地址:
http://acm.hit.edu.cn/judge/show.php?Proid=1033&Contestid=0思路:可以把这道题等价地看成有向图中求哈密顿路的问题,每个在单词首尾出现过的字母看作一个节点,每个单词首字母看作节点的出度加1,尾字母看作节点的入度加1,而形成哈密顿路的条件是除了哈密顿路首尾两个节点外,其他节点的出度等于入度,而首节点出度比入度多1,尾节点入度比出度多1。除此之外,还要考虑图的连通性问题,因为不连通的图是无法形成哈密顿路的,使用并查集来判断图是否连通。
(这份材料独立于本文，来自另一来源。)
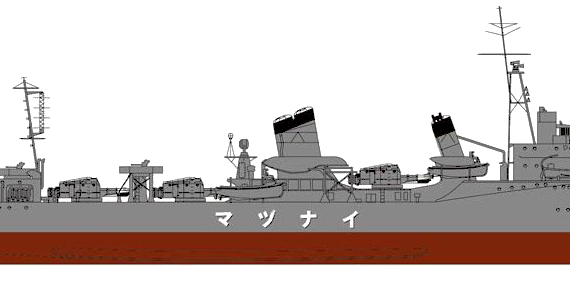 Корабль IJN Inazuma [Destroyer] - чертежи, габариты, рисунки
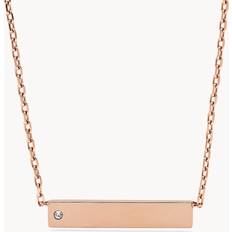 Fossil Necklaces Fossil Women's Rose Gold Stainless Steel ID Necklace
并查集的内容详情可见:
http://www.cppblog.com/amazon/archive/2009/08/15/93457.html代码如下:
#include <stdio.h>
#include <string.h>
#include <memory.h>
#define OUT 10
typedef struct
{
int parent;
int height;
}Node;
Node set[26];
bool visited[26];
int record[26], num_record;
void Init()
{
int i;
for(i = 0; i < 26; i++)
{
visited[i] = false;
set[i].parent = i;
set[i].height = 1;
}
num_record = 0;
}
int Find(int x)
{
while(x != set[x].parent)
{
x = set[x].parent;
}
return x;
}
void Merge(int x, int y)
{
if(x == y)
{
return;
}
if(set[x].height == set[y].height)
{
set[y].parent = x;
set[x].height++;
}
else if(set[x].height > set[y].height)
set[y].parent = x;
else
set[x].parent = y;
}
int main()
{
int T, N;
int i, j;
char word[1005];
int letter[26];
int front, behind;
int a, b;
bool flag;
scanf("%d", &T);
for(i = 0; i < T; i++)
{
front = behind = 0;
memset(letter, 0, sizeof(letter));
Init();
scanf("%d", &N);
for(j = 0; j < N; j++)
{
scanf("%s", word);
a = word[0] - 'a';
b = word[strlen(word) - 1] - 'a';
letter[a]++;
letter[b]--;
Merge(Find(a), Find(b));
if(visited[a] == false)
{
visited[a] = true;
record[num_record++] = a;
}
if(visited[b] == false)
{
visited[b] = true;
record[num_record++] = b;
}
}
flag = false;
a = Find(record[0]);
for(j = 1; j < num_record; j++)
{
if(a != Find(record[j]))
{
flag = true;
break;
}
}
if(flag == true)
{
printf("The door cannot be opened.\n");
continue;
}
for(j = 0; j < 26; j++)
{
if(letter[j] > 1 || letter[j] < -1)
{
front = behind = OUT;
break;
}
else if(letter[j] == 1)
front++;
else if(letter[j] == -1)
behind++;
}
if((front == 1 && behind == 1) || (front == 0 && behind == 0))
{
printf("Ordering is possible.\n");
}
else
{
printf("The door cannot be opened.\n");
}
}
return 0;
}